TASK BRIEF -> Could the listing below be reproduced exactly, minus its pictures?

DATA TO PROCESS ->

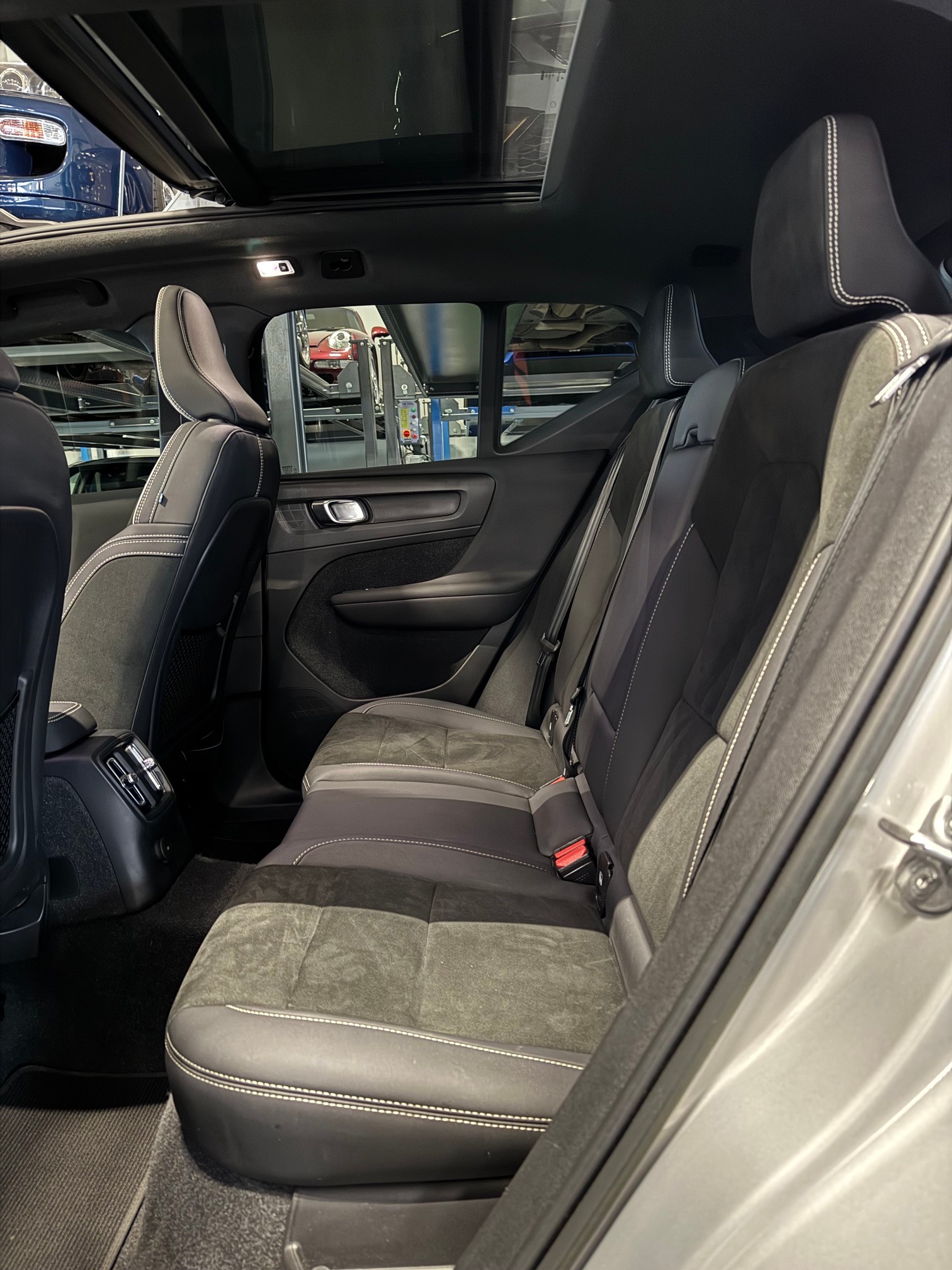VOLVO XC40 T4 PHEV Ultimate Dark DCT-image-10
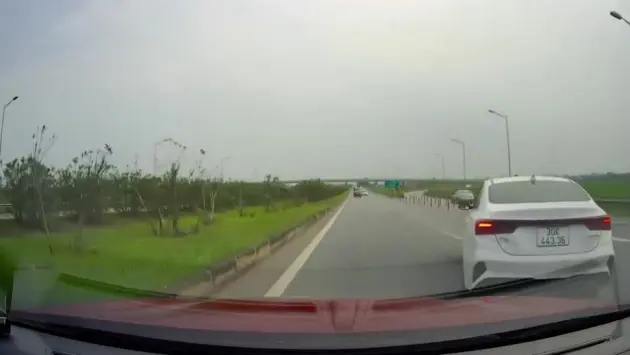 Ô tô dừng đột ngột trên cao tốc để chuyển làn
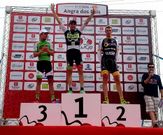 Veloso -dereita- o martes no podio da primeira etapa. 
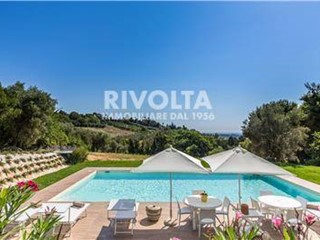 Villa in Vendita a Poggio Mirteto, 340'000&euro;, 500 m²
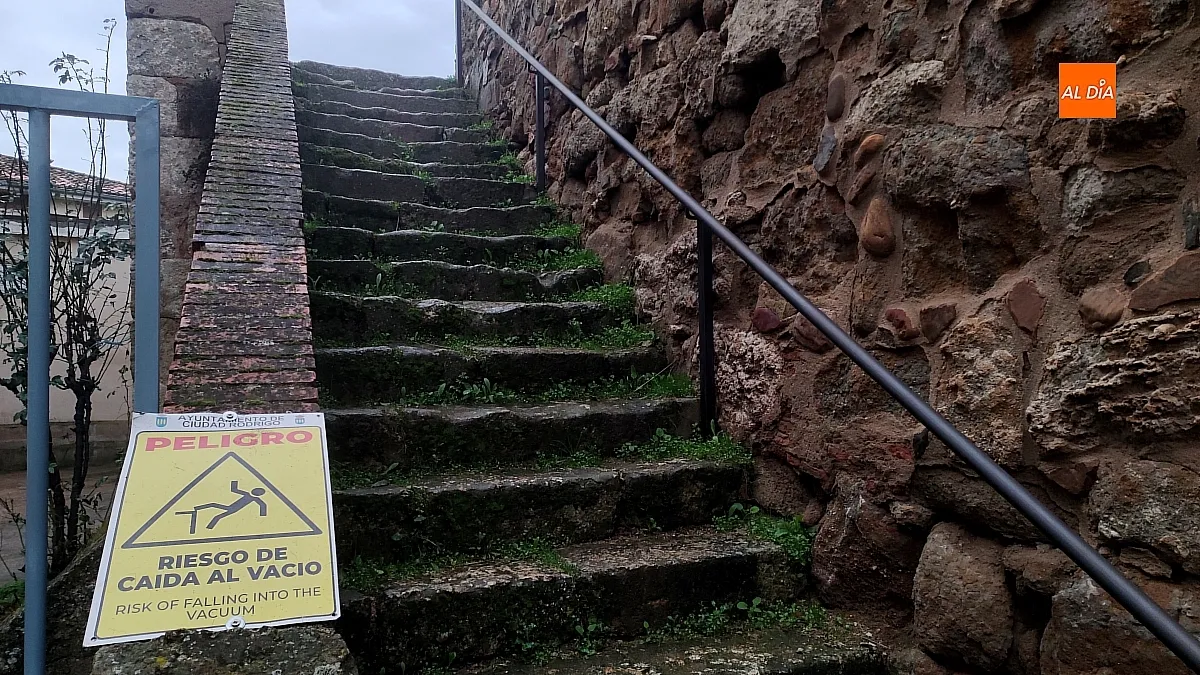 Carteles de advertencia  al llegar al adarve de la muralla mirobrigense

EXERCISE RESPONSE ->
VOLVO XC40 T4 PHEV Ultimate Dark DCT-image-10
 Ô tô dừng đột ngột trên cao tốc để chuyển làn
 Veloso -dereita- o martes no podio da primeira etapa. 
 Villa in Vendita a Poggio Mirteto, 340'000&euro;, 500 m²
 Carteles de advertencia  al llegar al adarve de la muralla mirobrigense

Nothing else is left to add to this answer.